At Wu Wei Din Chinese Cuisine in Plano, a casual restaurant gives us the food of an island. Opened three years ago by Taiwan native Todd Hung, its soul is dedicated to Taiwanese wontons, dumplings, fried rice, and noodles.
There, you will find some of our city’s best spicy wontons, flopped in chile oil spiced beguilingly with cinnamon and star anise. The filling, if you choose, is shrimp and ground pork. Each parcel is plump, endearing, and wonderful. A list of appetizers makes it easy to fill the table with cold drunken chicken, a roulade of tender meat in a broth flavored with Shaoxing wine, with its aroma like sherry; garlicky golden kimchi, flavored with sesame oil and flecks of carrot and earthy from fermented tofu and sesame paste; and scallion cakes, thick and oily, but zesty with green.
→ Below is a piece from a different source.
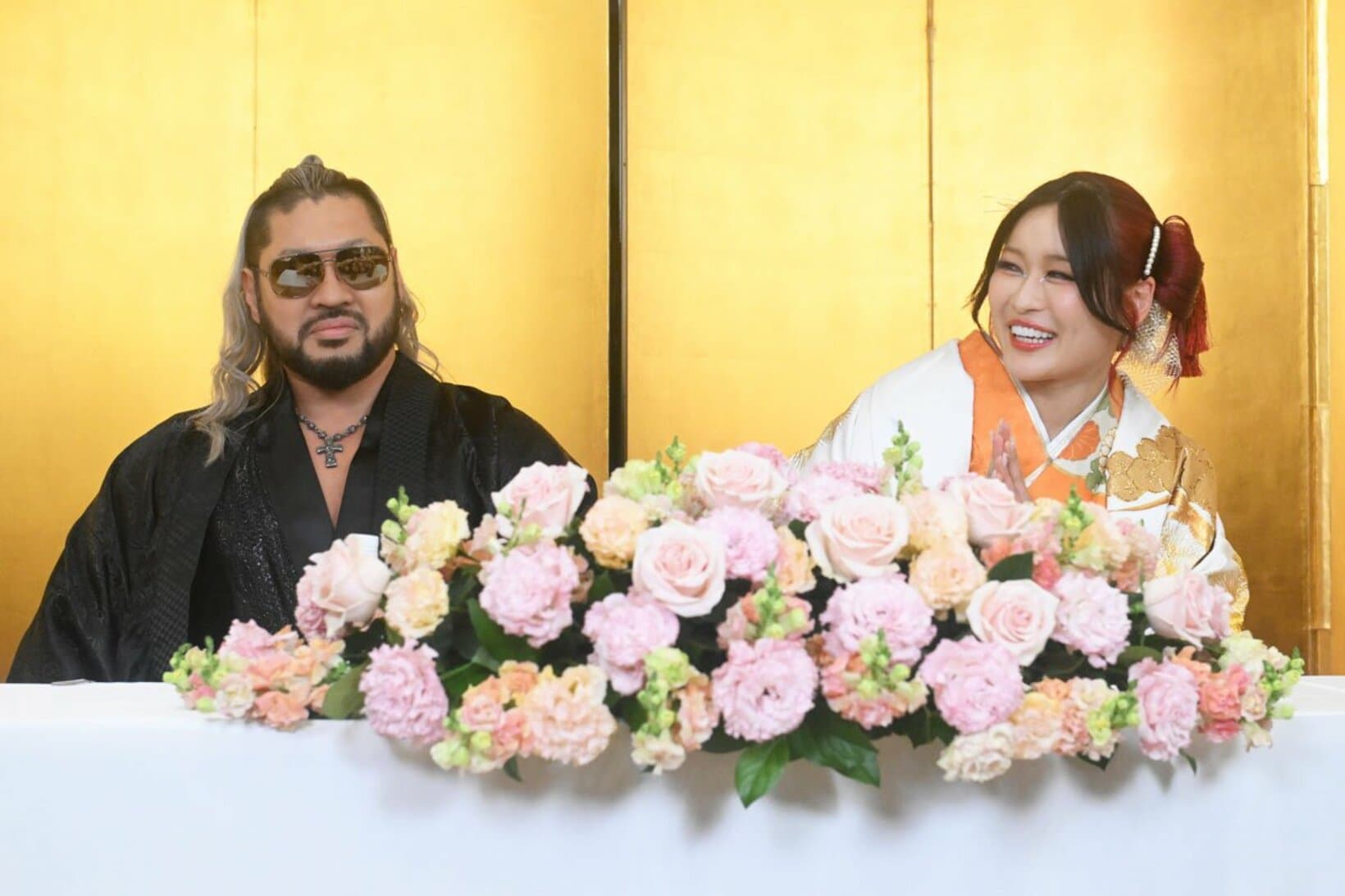結婚発表会見ではにかむNARAKU(左)とイヨ・スカイ
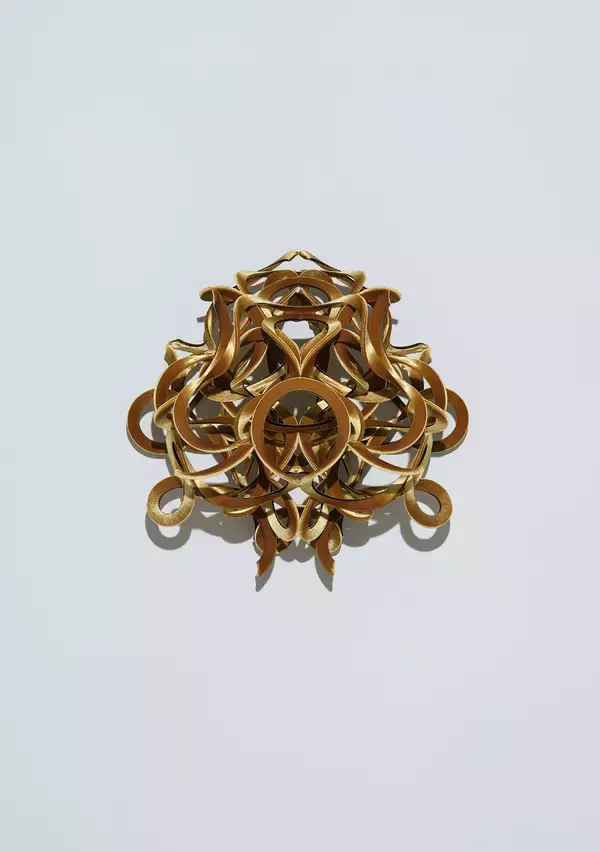 「【京都 蔦屋書店】アートとファッションの領域を超え活躍する岡﨑龍之祐による個展「Curves in Becoming」を4月26日（日）より開催。布の彫刻が生む曲線の新作群を発表。」の画像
It’s not terribly easy to find Taiwanese food in Dallas. Options include Taiwan Café, also in Plano, where you’ll find the classic breakfast of salty or sweet soy milk and cruellers on weekends. King’s Noodle in Richardson has its own spicy wonton, shaved ice, and noodle soup following. Taipei Station Café in Plano showcases Taiwan cuisine’s funky fusion. And a smattering of spots entice with boba tea and rolled ice cream.
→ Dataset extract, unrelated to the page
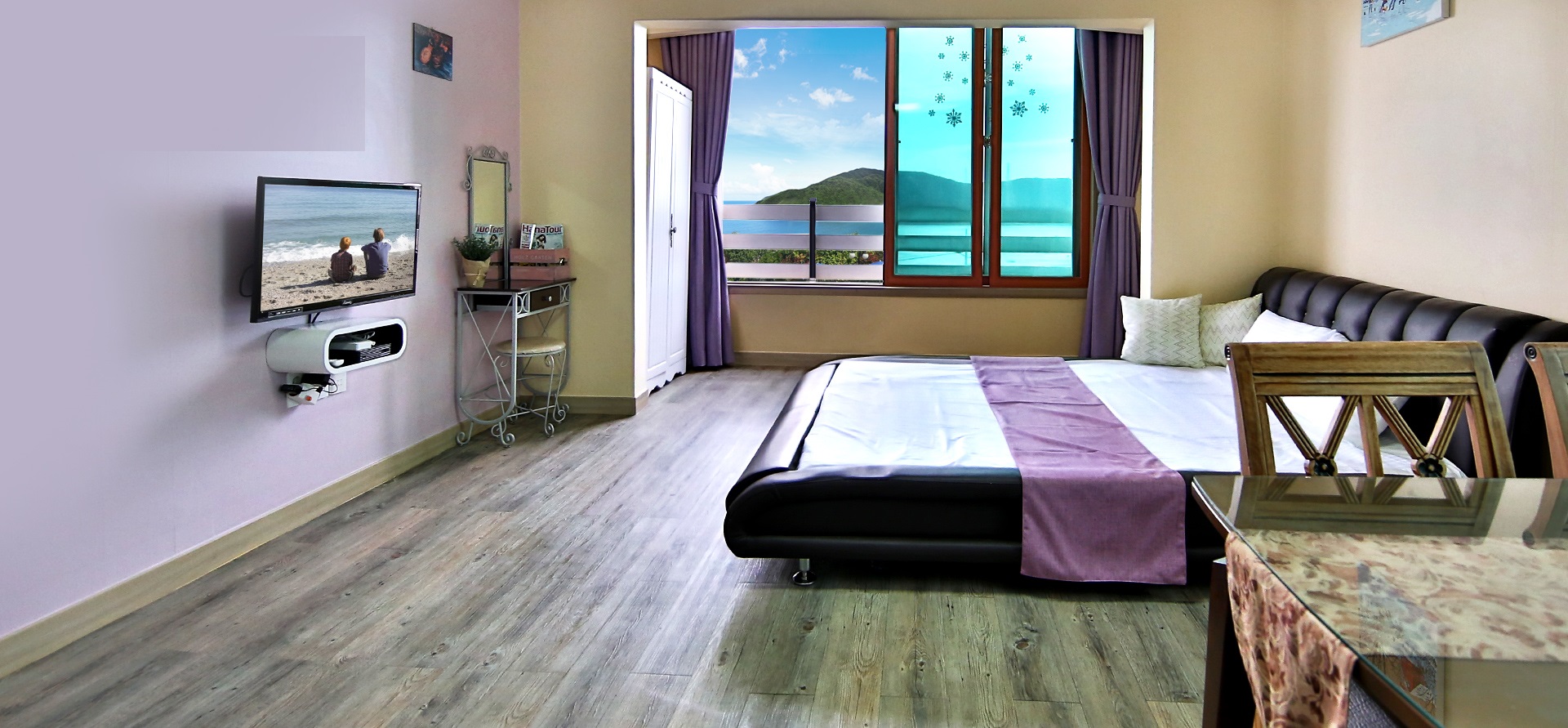 room detail thumbnail 1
But the college students and regular devotees who frequent Hung’s restaurant come for bowls of the beef noodle soup that is a coveted national dish, choosing the kind of noodles they prefer (thick or thin) and the kind of broth. Order it in a tomato broth with thick noodles, and it’s reminiscent of boeuf bourguignon. The brisket slice laid on top is fall-apart tender; bok choy and pickled mustard greens spring on the surface; and the ruddy broth has body. It’s the epitome of soulful, savory balance. Or try the dan dan noodles, which are Taiwanese-style, not Sichuan-spicy, but freighted with sesame and peanut pastes and a rubble of peanuts and ground pork. The sauce that pools is earthy, nutty, and satisfying, and the chewy, springy noodles catch it up. Finish with oolong tea—it’s another Taiwanese treasure, after all.